Click to listen to the interview with Bishop Trimble
Calling the Washington Immigration Pray-in “a very powerful and very spiritual experience," Bishop Julius Calvin Trimble noted that everyone involved was “committed to a much more hospitable and inviting approach to the issues of immigration and the ways that we treat our neighbors.”
For Bishop Trimble “it was an important Christian witness for the church and for the Bishops and for the lay persons from around the country and from across denominations who were a part of it.”
“There are many people who have powerful stories that are being played out. There are many people who are suffering. Often these are people who have been in our communities, contributing, paying taxes, worshipping in our churches. I hear these heart-wrenching stories as I travel across Iowa, and beyond.”
For those involved in the Pray-in, “there was great consensus in the importance and power of prayer. People of faith have family members and neighbors who are sometimes on the margins of society and sometimes are made invisible to us.”
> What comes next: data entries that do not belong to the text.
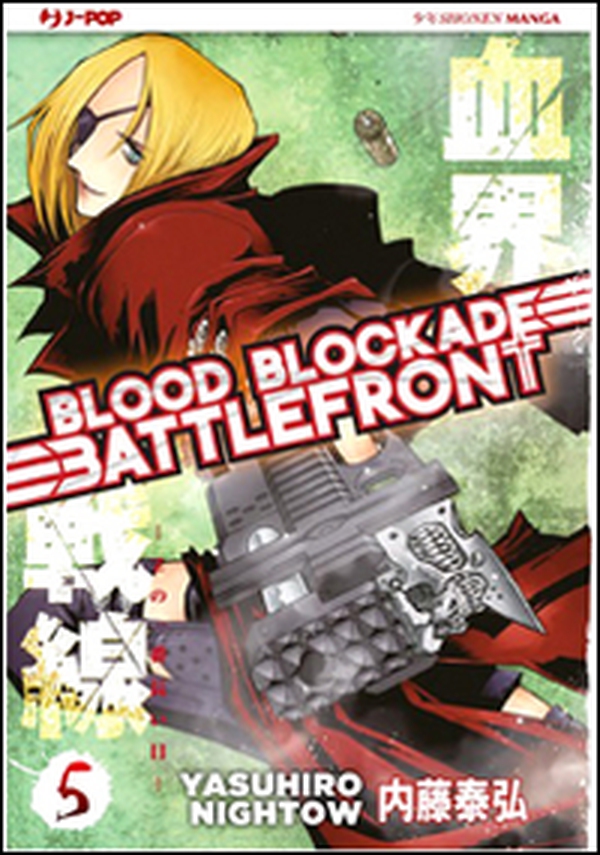 Blood blockade battlefront - Vol. 5 - Librerie.coop Blood blockade battlefront - Vol. 5 - Librerie.coop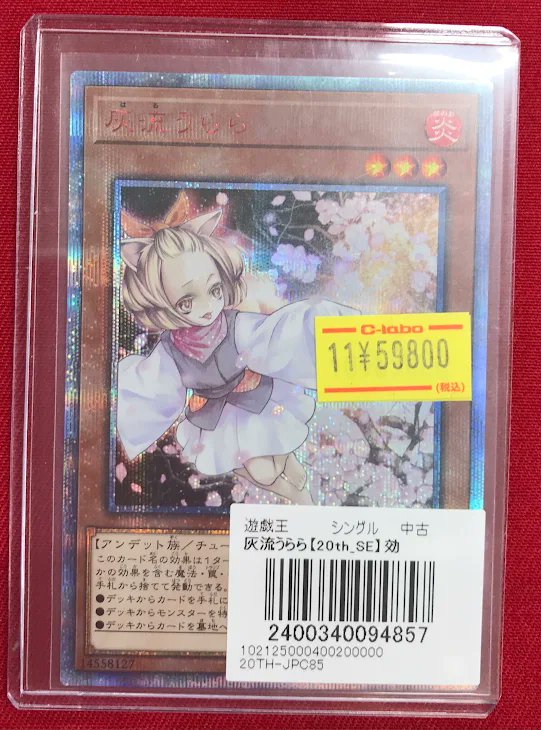 遊戯王 販売情報】 『灰流うらら』 20thシク展開中です‼️ 状態の確認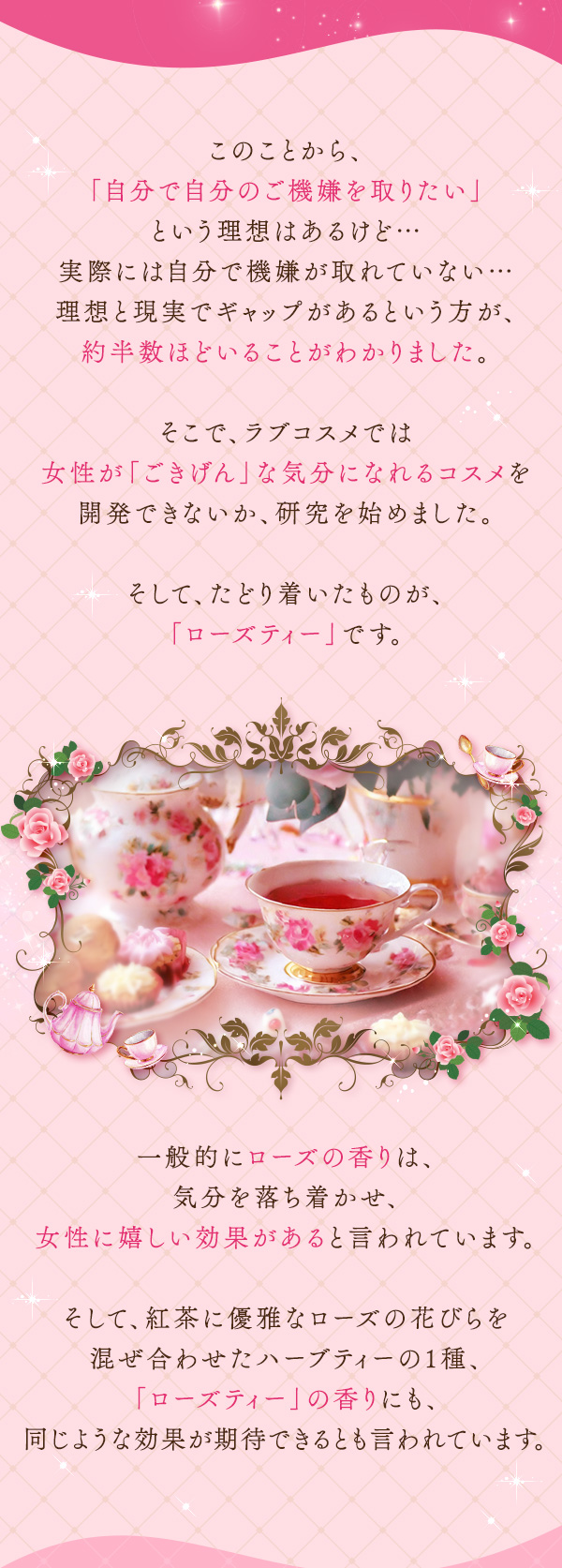 ラブコスメ特別企画 LCティーパーティー〜今日の私も、ごきげん♪〜 フレッシュローズティーとは@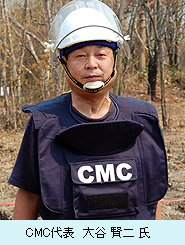 CMC代表　大谷賢二氏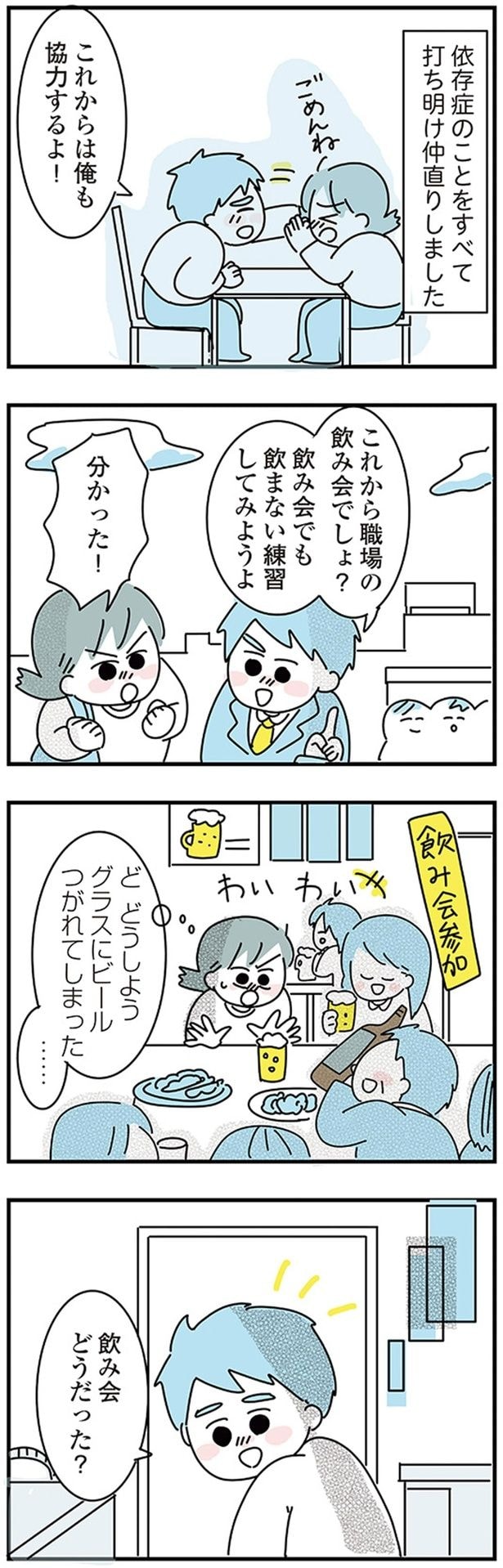 これからは俺も協力するよ！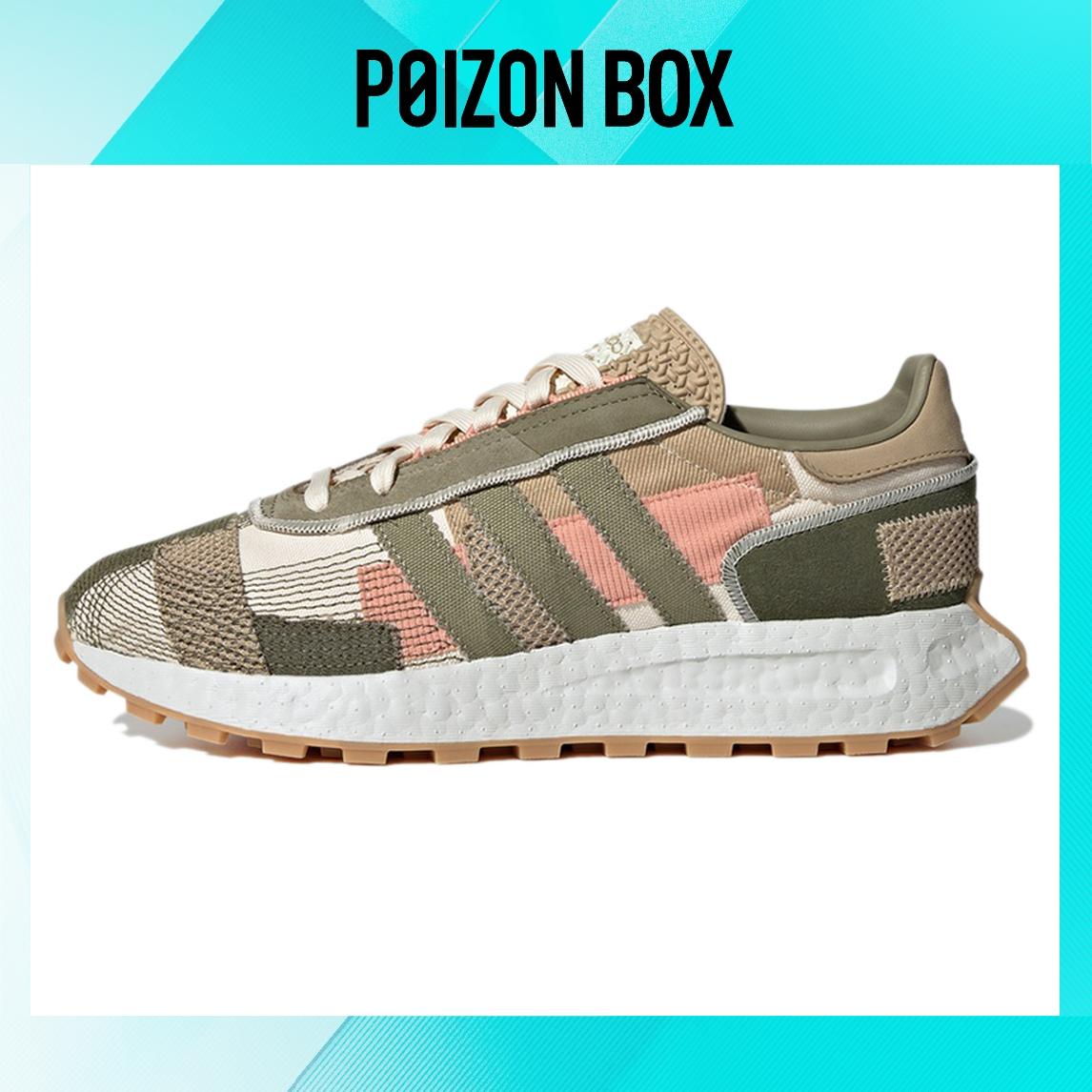

adidas originals Retropy E5 Lifestyle Shoes Unisex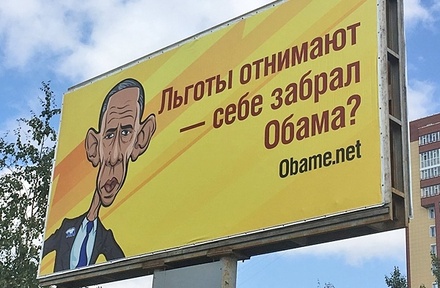 В городах Югры появились плакаты с обвинениями в адрес Обамы в проблемах региона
In the conversation about Immigration some “people are concerned about crime. The crime that we speak of is the crime that we don’t have a humane Immigration system that allows for persons who have come here, undocumented, to have a pathway to citizenship.”
“The churches’ role is to understand the biblical witness and our historic stance as United Methodists to welcome the stranger and in most cases they are not strangers to us.”
“Extending the hospitlity of inclusion and support and prayer and welcome will result in transforming leaders helping to transform the world. As we make disciples we have to demonstrate that we are disciples of Jesus Christ.”